Agradeço, do fundo do coração, a todos aqueles que nunca separaram o lixo, aos que sempre olharam para os ecopontos como uma extravagância dispensável, aos que entendem a reciclagem como uma tarefa para os outros, aos que nunca perceberam que uma embalagem vazia continua a ter valor depois de cumprir a sua função.
Obrigado. Sem a vossa perseverança, provavelmente nunca teria sido criado o sistema Volta.
Ontem fui devolver as inúmeras garrafas e latas que se tinham acumulado lá em casa e que habitualmente teriam acolhimento no ecoponto amarelo que fica a 400 metros. Não esperava fazer fortuna. Apenas queria recuperar os dez cêntimos de depósito que já tinha pago por cada recipiente no momento da compra. O dinheiro era meu. Estava apenas temporariamente alojado numa garrafa ou numa lata.
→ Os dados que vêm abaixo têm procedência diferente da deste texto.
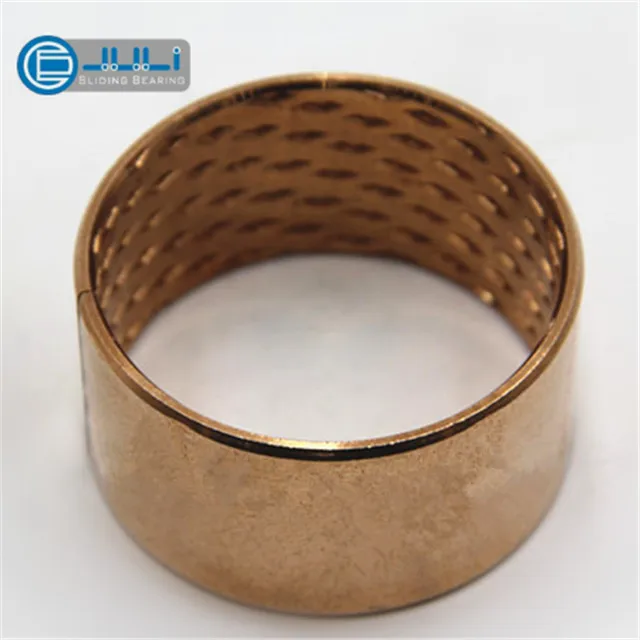Manufacturer Direct Supply Composite Bearing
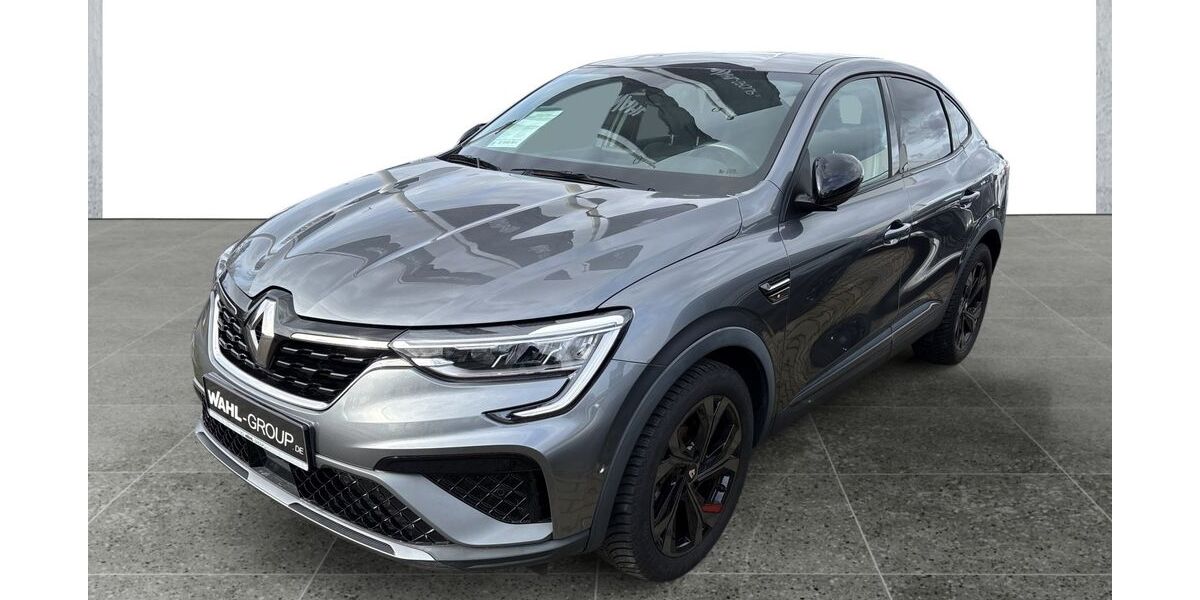 Renault Arkana 51.990 km 22.605 &euro; Brühl 50321
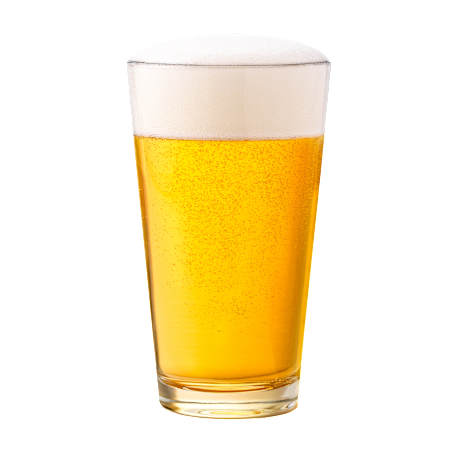 Mixing Glass 16 oz. 24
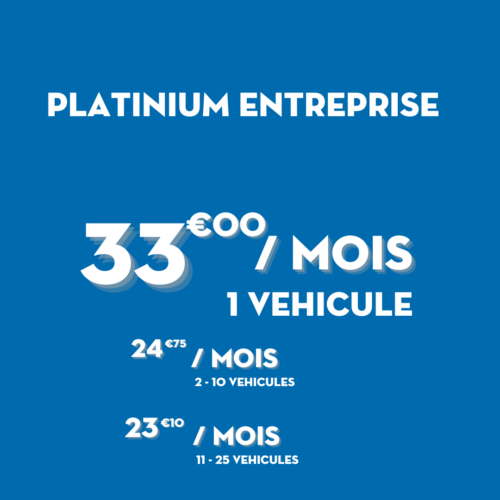 Platinium Entreprise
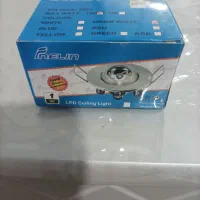 چراغ LED نورسفید با ترانس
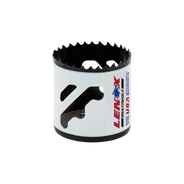 serra copo bimetalica 54mm t3 speed slot 3003434l lenox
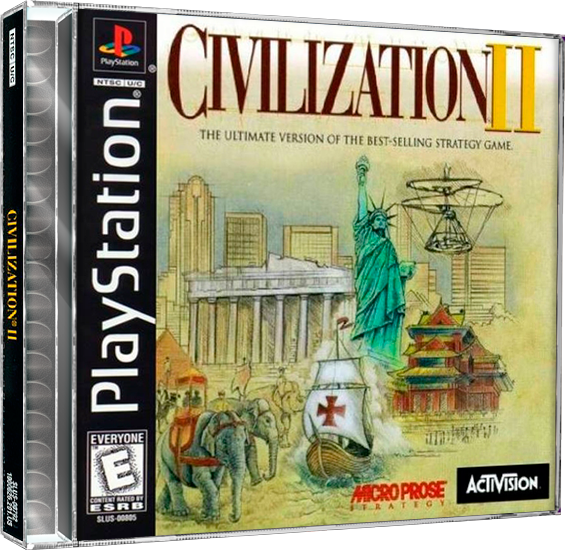 Civilization II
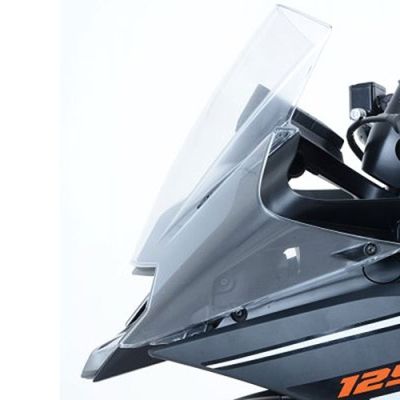 R&G Motorcycle Mirror Blanking Plates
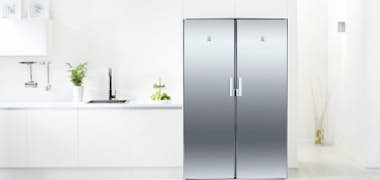 Balay Balay 3GFB647XE congelador Independiente Vertical Balay Balay 3GFB647XE congelador Independiente Vertical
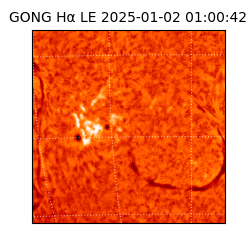 gong - 2025-01-02T01:00:42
A máquina começou por colaborar.
Aceitou nove embalagens sem grande drama. Pelo meio, recebeu uma lata amachucada, uma garrafa sem tampa e até uma garrafa que, dias antes, ela própria rejeitara com o exagerado zelo de um funcionário da repartição das finanças. Desta vez, acolheu-a sem reservas, como se nada tivesse acontecido.
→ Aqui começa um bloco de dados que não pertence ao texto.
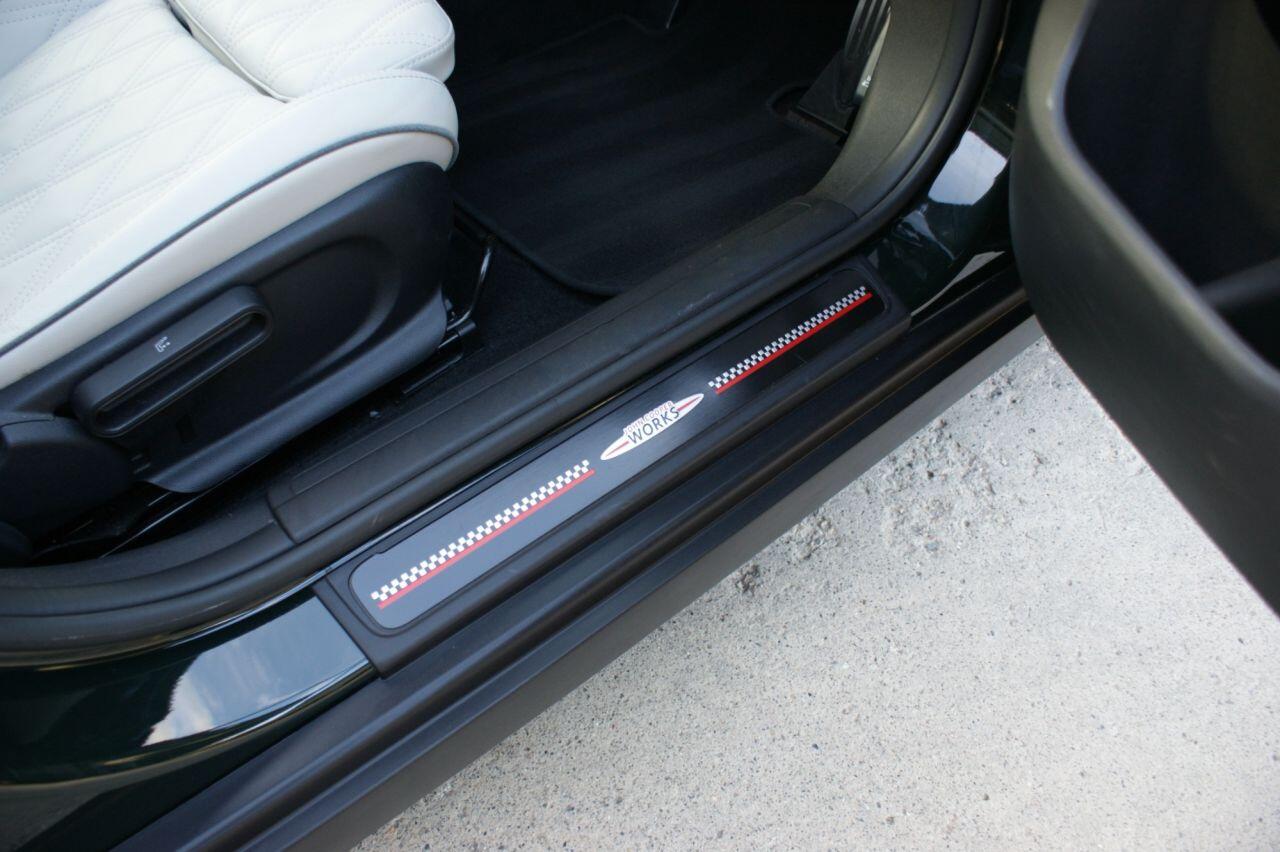 Mini Clubman view 46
À décima embalagem, porém, a conversa mudou. Com uma educação irrepreensível, a máquina informou-me de que estava cheia. Pediu desculpa e sugeriu que chamasse um funcionário. Sim, as máquinas já dominam esta característica tão profundamente portuguesa: pedir desculpa por um problema cuja solução fica sempre para outra pessoa. Resolvi não incomodar ninguém. Peguei nas restantes embalagens para núpcias posteriores e fui embora.
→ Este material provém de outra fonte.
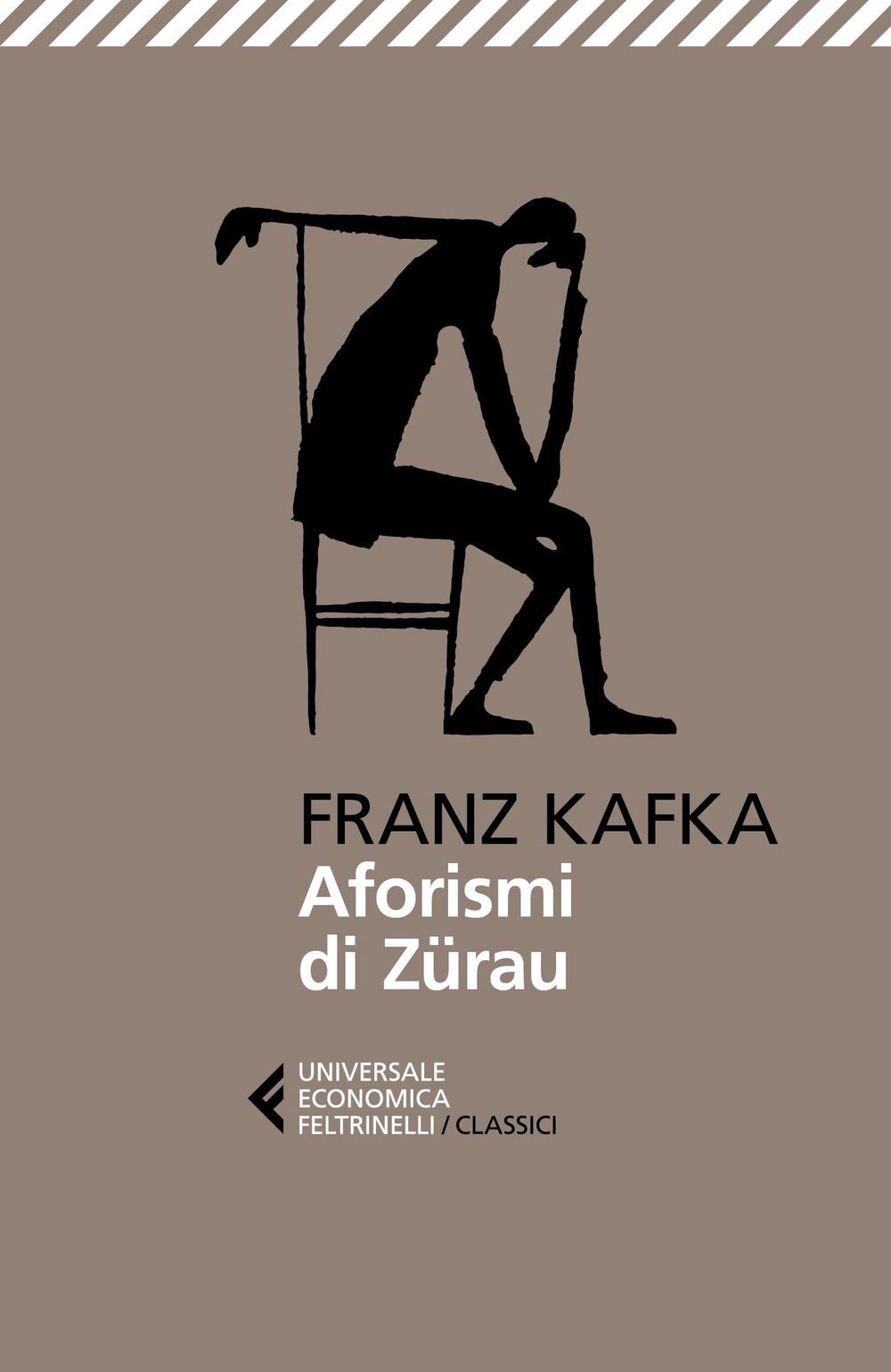 Libri Franz Kafka - Aforismi Di Zurau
Enquanto caminhava para o carro, ocorreu-me que esta pequena aventura só existe porque, durante demasiados anos, uma parte da sociedade decidiu que reciclar era uma opção imbecil.
Durante décadas explicaram-nos que separar resíduos poupava matérias-primas, reduzia a poluição e beneficiava toda a comunidade, mas, para muitos, isso nunca constituiu um argumento suficientemente convincente.
Foi preciso prender dez cêntimos dentro de cada embalagem. E é aí que se dá o milagre: de repente, aquilo que era lixo comum, passou a ser património.
É difícil não sorrir perante esta extraordinária demonstração da natureza humana. Afinal, a consciência ambiental revelou-se menos eficaz do que um depósito reembolsável.
Mas há um fenómeno ainda mais curioso. Entre os mais ferozes críticos do sistema encontram-se alguns dos que nunca fizeram questão de reciclar. Protestam contra a burocracia, contra as filas, contra as máquinas, contra o depósito, contra tudo. E, ao mesmo tempo, continuam a atirar embalagens para o lixo indiferenciado.
Até aqui, cada um prestava contas apenas à sua consciência. O problema é que alguns resolveram dar um passo adicional na escala da mesquinhez e passaram a esmagar deliberadamente as ‘suas’ latas. Retorcem as garrafas, inutilizam as embalagens antes de as deitar fora, não porque isso facilite o tratamento dos resíduos, nem porque seja ambientalmente correto. Apenas o fazem para garantir que, se eles não recuperam os dez cêntimos, também ninguém mais o fará.
É uma forma extraordinariamente sofisticada de egoísmo. A embalagem já não lhes interessa. O dinheiro também não. Mas incomoda-os a possibilidade de outra pessoa beneficiar daquilo que eles decidiram desperdiçar.
Há qualquer coisa de profundamente revelador numa sociedade onde alguns preferem destruir um bem sem qualquer proveito próprio, desde que impeçam outro de lhe dar utilidade. Não é uma atitude contra o sistema.
É apenas uma demonstração gratuita de pobreza cívica.
E é por causa destas pequenas imbecilidades quotidianas que o sistema Volta existe. Não foi criado para quem sempre reciclou. Esses já devolviam as embalagens aos ecopontos por convicção. Foi criado para tentar convencer quem nunca encontrou razões suficientes para o fazer. E, pelos vistos, ainda assim há quem consiga transformar uma simples garrafa vazia num manifesto contra o bom senso.
Por isso, renovo o meu agradecimento: obrigado a todos os que passaram anos a ignorar a reciclagem. Graças a essa persistência foi necessário inventar um sistema que prende dez cêntimos dentro de cada embalagem para conseguir aquilo que o simples sentido de responsabilidade nunca alcançou.
Não deixa de ser extraordinário: durante décadas tentou-se salvar o ambiente apelando à consciência e, no fim, descobriu-se que a única consciência verdadeiramente ativa continua a ser a da carteira.